* EXERCISE INSTRUCTIONS *
When the line containing "A DualSense controller" appears in the entries below, begin printing there and stop after the line containing "Using the shadows"; print each of those lines exactly and no other line.

* THE DATA *
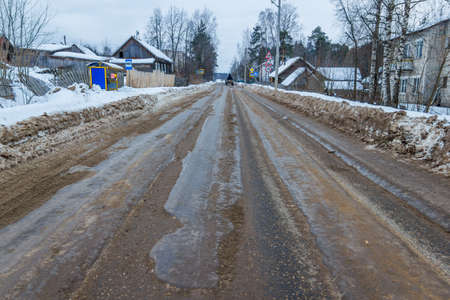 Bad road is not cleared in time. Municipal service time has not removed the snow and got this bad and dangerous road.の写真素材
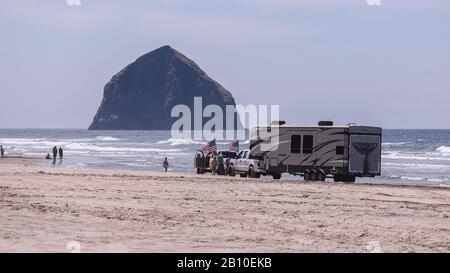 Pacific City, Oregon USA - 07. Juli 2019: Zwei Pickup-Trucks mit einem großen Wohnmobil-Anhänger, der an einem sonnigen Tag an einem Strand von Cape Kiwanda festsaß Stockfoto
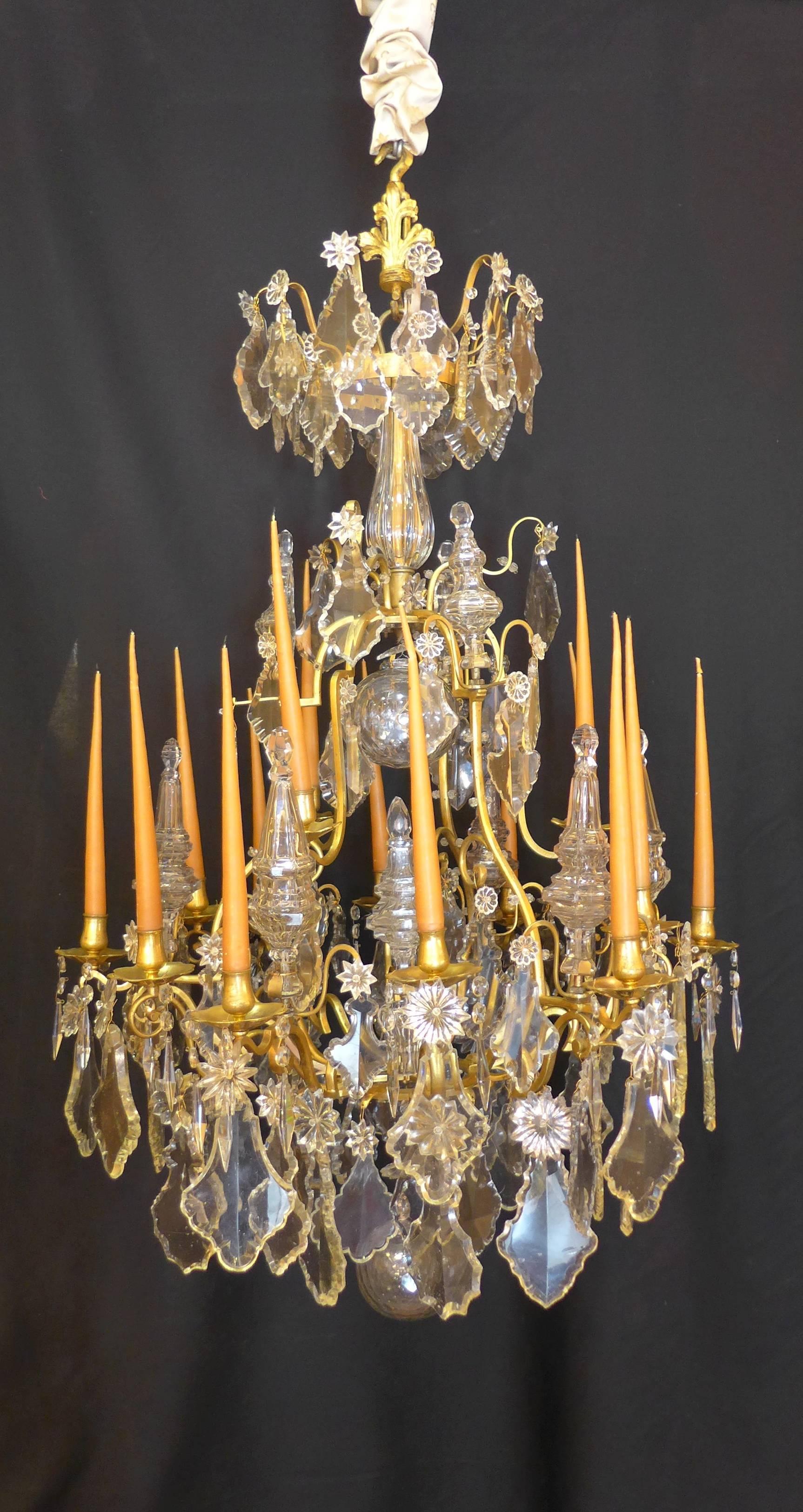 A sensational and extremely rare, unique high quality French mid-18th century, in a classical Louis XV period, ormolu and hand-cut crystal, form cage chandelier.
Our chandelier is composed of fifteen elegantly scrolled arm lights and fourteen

...

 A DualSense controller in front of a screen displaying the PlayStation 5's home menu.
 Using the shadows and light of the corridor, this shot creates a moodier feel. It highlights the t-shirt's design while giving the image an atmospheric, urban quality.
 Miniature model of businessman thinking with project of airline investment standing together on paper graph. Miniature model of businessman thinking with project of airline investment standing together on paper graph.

* OUTPUT OF THE TASK *
 A DualSense controller in front of a screen displaying the PlayStation 5's home menu.
 Using the shadows and light of the corridor, this shot creates a moodier feel. It highlights the t-shirt's design while giving the image an atmospheric, urban quality.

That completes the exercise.